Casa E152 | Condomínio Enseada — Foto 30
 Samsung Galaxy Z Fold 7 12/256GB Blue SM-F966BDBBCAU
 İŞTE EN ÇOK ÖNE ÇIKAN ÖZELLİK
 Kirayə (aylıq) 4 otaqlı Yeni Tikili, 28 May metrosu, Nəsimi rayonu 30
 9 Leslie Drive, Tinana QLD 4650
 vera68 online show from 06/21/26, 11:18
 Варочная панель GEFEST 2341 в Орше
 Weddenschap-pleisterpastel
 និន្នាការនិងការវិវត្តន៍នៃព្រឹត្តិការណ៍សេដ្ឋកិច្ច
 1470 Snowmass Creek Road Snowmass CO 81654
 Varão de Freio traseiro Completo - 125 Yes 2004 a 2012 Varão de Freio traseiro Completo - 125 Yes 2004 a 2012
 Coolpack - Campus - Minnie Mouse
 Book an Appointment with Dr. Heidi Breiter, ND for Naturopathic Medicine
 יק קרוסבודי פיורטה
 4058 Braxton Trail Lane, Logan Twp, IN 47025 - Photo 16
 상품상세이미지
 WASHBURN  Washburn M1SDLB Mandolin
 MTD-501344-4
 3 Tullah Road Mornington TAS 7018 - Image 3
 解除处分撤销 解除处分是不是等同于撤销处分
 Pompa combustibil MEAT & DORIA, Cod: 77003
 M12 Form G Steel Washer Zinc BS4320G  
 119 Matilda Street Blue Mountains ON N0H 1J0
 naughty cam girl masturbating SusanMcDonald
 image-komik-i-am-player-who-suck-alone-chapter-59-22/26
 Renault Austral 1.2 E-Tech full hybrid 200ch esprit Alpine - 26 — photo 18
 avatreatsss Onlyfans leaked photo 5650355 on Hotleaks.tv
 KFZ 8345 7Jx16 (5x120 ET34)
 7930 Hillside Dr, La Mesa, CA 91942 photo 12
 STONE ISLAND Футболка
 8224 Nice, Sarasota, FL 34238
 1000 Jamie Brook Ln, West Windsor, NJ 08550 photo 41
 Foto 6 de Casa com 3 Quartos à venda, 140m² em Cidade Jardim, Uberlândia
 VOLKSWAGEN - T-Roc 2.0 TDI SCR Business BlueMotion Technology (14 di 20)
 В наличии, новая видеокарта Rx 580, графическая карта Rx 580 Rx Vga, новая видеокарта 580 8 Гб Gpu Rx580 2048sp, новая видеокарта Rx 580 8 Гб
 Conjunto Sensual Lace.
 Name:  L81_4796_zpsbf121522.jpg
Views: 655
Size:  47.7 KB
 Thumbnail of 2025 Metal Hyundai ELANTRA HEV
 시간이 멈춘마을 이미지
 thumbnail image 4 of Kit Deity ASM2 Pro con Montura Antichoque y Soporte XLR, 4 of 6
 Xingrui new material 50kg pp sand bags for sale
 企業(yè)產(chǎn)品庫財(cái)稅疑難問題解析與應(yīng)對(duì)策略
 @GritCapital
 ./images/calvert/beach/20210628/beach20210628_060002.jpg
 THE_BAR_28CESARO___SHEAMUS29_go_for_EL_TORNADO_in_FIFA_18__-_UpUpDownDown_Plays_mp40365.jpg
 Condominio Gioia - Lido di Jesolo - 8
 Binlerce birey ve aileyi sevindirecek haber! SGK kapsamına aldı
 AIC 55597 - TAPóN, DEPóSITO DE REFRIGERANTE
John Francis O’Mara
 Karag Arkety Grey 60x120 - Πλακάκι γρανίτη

- **What is required**:
Transcribe all the data word for word, as it appears above.

- **Response for this exercise**:
Casa E152 | Condomínio Enseada — Foto 30
 Samsung Galaxy Z Fold 7 12/256GB Blue SM-F966BDBBCAU
 İŞTE EN ÇOK ÖNE ÇIKAN ÖZELLİK
 Kirayə (aylıq) 4 otaqlı Yeni Tikili, 28 May metrosu, Nəsimi rayonu 30
 9 Leslie Drive, Tinana QLD 4650
 vera68 online show from 06/21/26, 11:18
 Варочная панель GEFEST 2341 в Орше
 Weddenschap-pleisterpastel
 និន្នាការនិងការវិវត្តន៍នៃព្រឹត្តិការណ៍សេដ្ឋកិច្ច
 1470 Snowmass Creek Road Snowmass CO 81654
 Varão de Freio traseiro Completo - 125 Yes 2004 a 2012 Varão de Freio traseiro Completo - 125 Yes 2004 a 2012
 Coolpack - Campus - Minnie Mouse
 Book an Appointment with Dr. Heidi Breiter, ND for Naturopathic Medicine
 יק קרוסבודי פיורטה
 4058 Braxton Trail Lane, Logan Twp, IN 47025 - Photo 16
 상품상세이미지
 WASHBURN  Washburn M1SDLB Mandolin
 MTD-501344-4
 3 Tullah Road Mornington TAS 7018 - Image 3
 解除处分撤销 解除处分是不是等同于撤销处分
 Pompa combustibil MEAT & DORIA, Cod: 77003
 M12 Form G Steel Washer Zinc BS4320G  
 119 Matilda Street Blue Mountains ON N0H 1J0
 naughty cam girl masturbating SusanMcDonald
 image-komik-i-am-player-who-suck-alone-chapter-59-22/26
 Renault Austral 1.2 E-Tech full hybrid 200ch esprit Alpine - 26 — photo 18
 avatreatsss Onlyfans leaked photo 5650355 on Hotleaks.tv
 KFZ 8345 7Jx16 (5x120 ET34)
 7930 Hillside Dr, La Mesa, CA 91942 photo 12
 STONE ISLAND Футболка
 8224 Nice, Sarasota, FL 34238
 1000 Jamie Brook Ln, West Windsor, NJ 08550 photo 41
 Foto 6 de Casa com 3 Quartos à venda, 140m² em Cidade Jardim, Uberlândia
 VOLKSWAGEN - T-Roc 2.0 TDI SCR Business BlueMotion Technology (14 di 20)
 В наличии, новая видеокарта Rx 580, графическая карта Rx 580 Rx Vga, новая видеокарта 580 8 Гб Gpu Rx580 2048sp, новая видеокарта Rx 580 8 Гб
 Conjunto Sensual Lace.
 Name:  L81_4796_zpsbf121522.jpg
Views: 655
Size:  47.7 KB
 Thumbnail of 2025 Metal Hyundai ELANTRA HEV
 시간이 멈춘마을 이미지
 thumbnail image 4 of Kit Deity ASM2 Pro con Montura Antichoque y Soporte XLR, 4 of 6
 Xingrui new material 50kg pp sand bags for sale
 企業(yè)產(chǎn)品庫財(cái)稅疑難問題解析與應(yīng)對(duì)策略
 @GritCapital
 ./images/calvert/beach/20210628/beach20210628_060002.jpg
 THE_BAR_28CESARO___SHEAMUS29_go_for_EL_TORNADO_in_FIFA_18__-_UpUpDownDown_Plays_mp40365.jpg
 Condominio Gioia - Lido di Jesolo - 8
 Binlerce birey ve aileyi sevindirecek haber! SGK kapsamına aldı
 AIC 55597 - TAPóN, DEPóSITO DE REFRIGERANTE
John Francis O’Mara
 Karag Arkety Grey 60x120 - Πλακάκι γρανίτη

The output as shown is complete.